Golput memang bukan solusi, tapi saya berharap golput bisa menjadi refleksi. Jujur saya salut mendengar berita kemenangan kotak kosong di beberapa lokasi. Semoga angka golput yang tinggi mengarah pada inisiatif baik. Mungkin para partai akan berbenah. Mungkin pemerintah introspeksi diri. Mungkin kriteria calon penguasa dapat  ditambah/diubah agar lebih bisa diterima rakyat. Semoga rakyat dapat menentukan langkah lanjutan dan mengetahui apa yang mereka butuhkan.

Saya menulis coretan subjektif ini bukan untuk mengajak golput (apalagi golhit). Semua kembali ke hati kalian. Kalian bebas memilih calon A, B, C, atau tidak memilih. Sadarlah, kita semua punya hak untuk itu. Apabila kalian memilih salah satu pasangan calon, pastikan kalian benar-benar mengenali mereka. Jangan cuma terbuai pencitraan atau tulisan bernada positif, pastikan lagi. Benarkah mereka pengayom rakyat atau diam-diam ikut memperpanjang penindasan rakyat? Oleh karena itu, kita harus peka pada lingkungan sekitar kita. Kita boleh peduli pada kasus-kasus di luar negeri, tapi jangan menutup mata atas ketidakadilan di negeri sendiri. Suara kita mahal, jangan mau dibeli murah untuk diganjar dengan penindasan parah.
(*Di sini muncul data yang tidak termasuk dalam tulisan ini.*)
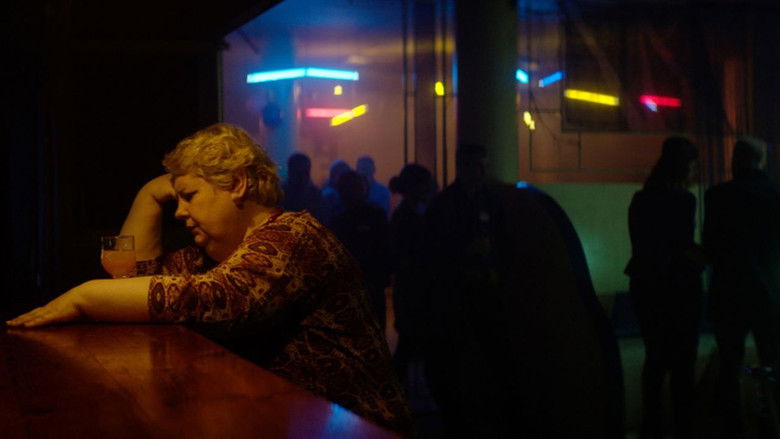 кадр из фильма Анна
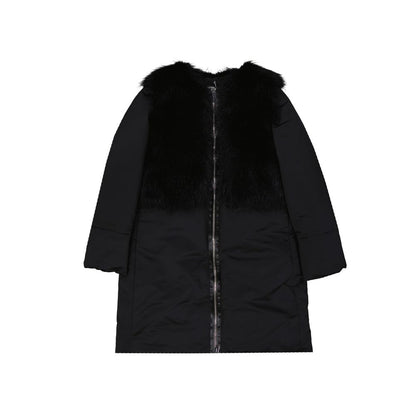 Ped Down Coat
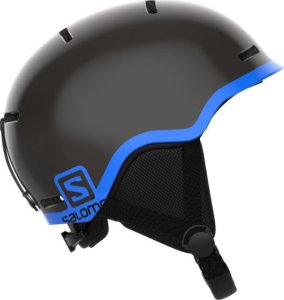 Salomon Kask Salomon Grom Black 2023 2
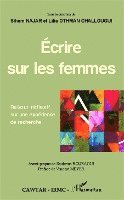 Najar Sihem - Ecrire sur les femmes, Häftad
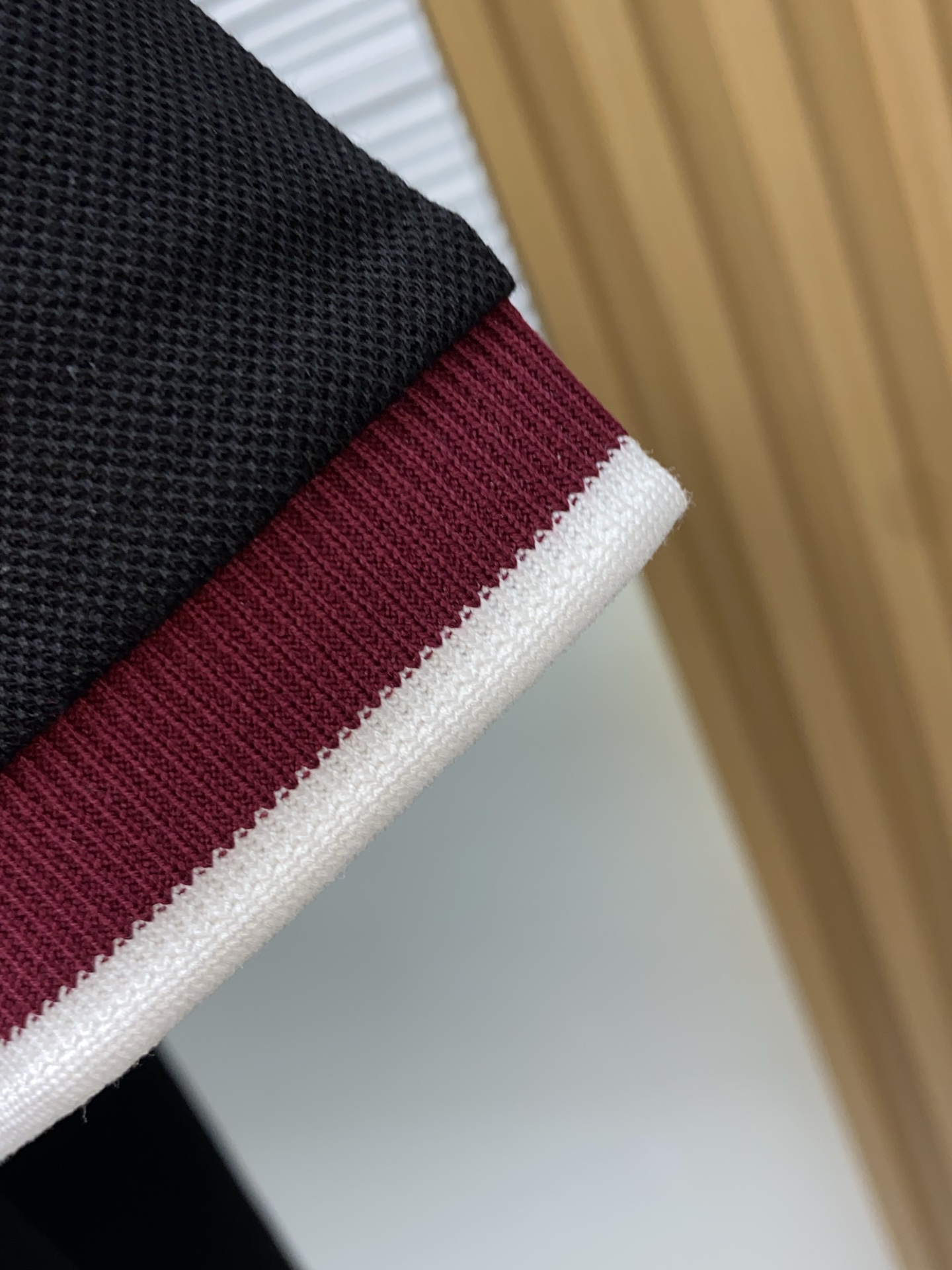 古奇 2026s经典时尚翻领 剪刀领客 Polo衫短袖 ，贸易公司渠道订单，简约大气，时尚百搭，品相更是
Selain untuk menambah arus tandingan, tulisan ini juga bertujuan untuk meninggalkan jejak pemikiran, merawat kesadaran, dan menjadi pembanding diri saya sendiri beberapa tahun lagi. Sampai saat ini saya bukan orang yang penuh harapan akan pemilihan-pemilihan wakil rakyat untuk duduk di kursi kekuasaan. Saya tidak berkata semua wakil rakyat itu buruk. Saya percaya masih ada wakil rakyat yang berdedikasi tinggi, tapi sayangnya mereka kurang terdengar, kurang terlihat, dan sangat kurang banyak. Mungkin nanti ada yang membuat saya percaya lagi. Mungkin nanti ada yang bisa membuat saya percaya lagi, dan mereka benar-benar terbukti dapat dipercaya.